(Web page caption snippets)
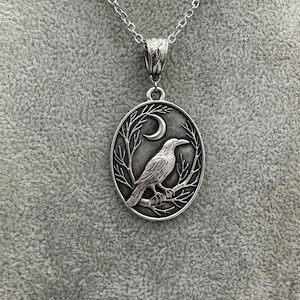 Puede incluir: Un collar con colgante ovalado de tono plateado que presenta un dise&ntilde;o en relieve de un cuervo posado sobre una rama de &aacute;rbol desnuda bajo una luna creciente. El colgante cuelga de una cadena de metal plateado con un enganche ornamentado.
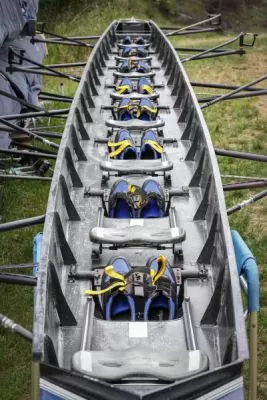 close-up image of a crewing boat with shoes in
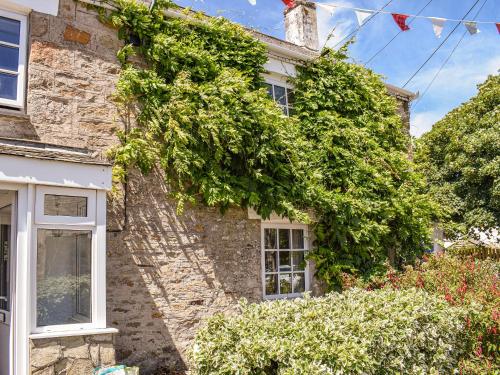 a stone house with ivy on the side of it at Churchtown Cottage in Cubert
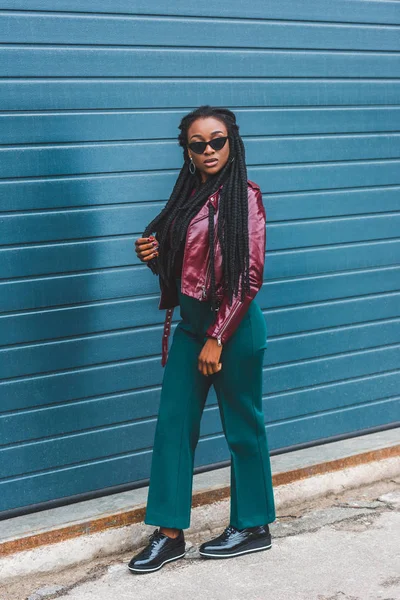 Schöne stilvolle junge afrikanisch-amerikanische Frau mit Sonnenbrille zu Fuß auf der Straße — Stockfoto
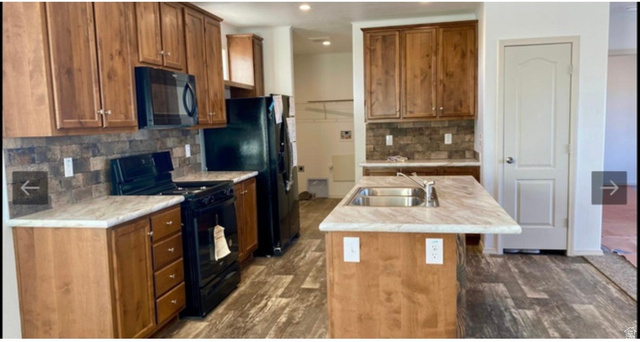 289 West Center Street Hinckley, UT 84635 - Photo 2 of 13 Kitchen featuring wood-finish cabinetry, black appliances, a central island with an undermount sink, and wood-finish flooring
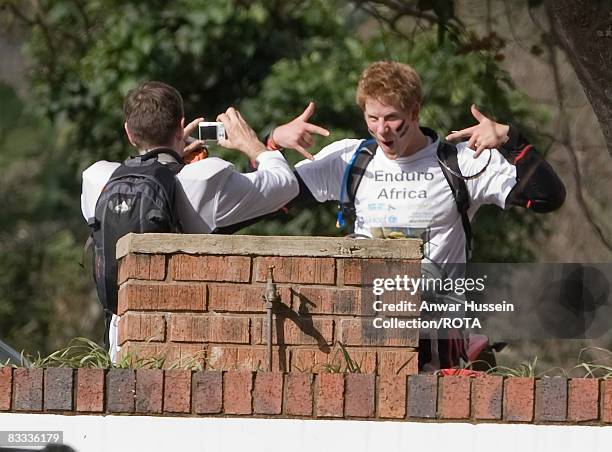 Prince Harry jokes as he poses for a picture at the start of the Enduro 2008 Motorcycle Rally to benefit UNICEF, the Nelson Mandela Children's Fund...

## YOUR ASSIGNMENT
What is needed is an exact repeat of the lines from the one containing "a stone house" through the last line of the records above, both included, with pictures left out.

## SOLUTION FOR THIS EXERCISE
 a stone house with ivy on the side of it at Churchtown Cottage in Cubert
 Schöne stilvolle junge afrikanisch-amerikanische Frau mit Sonnenbrille zu Fuß auf der Straße — Stockfoto
 289 West Center Street Hinckley, UT 84635 - Photo 2 of 13 Kitchen featuring wood-finish cabinetry, black appliances, a central island with an undermount sink, and wood-finish flooring
 Prince Harry jokes as he poses for a picture at the start of the Enduro 2008 Motorcycle Rally to benefit UNICEF, the Nelson Mandela Children's Fund...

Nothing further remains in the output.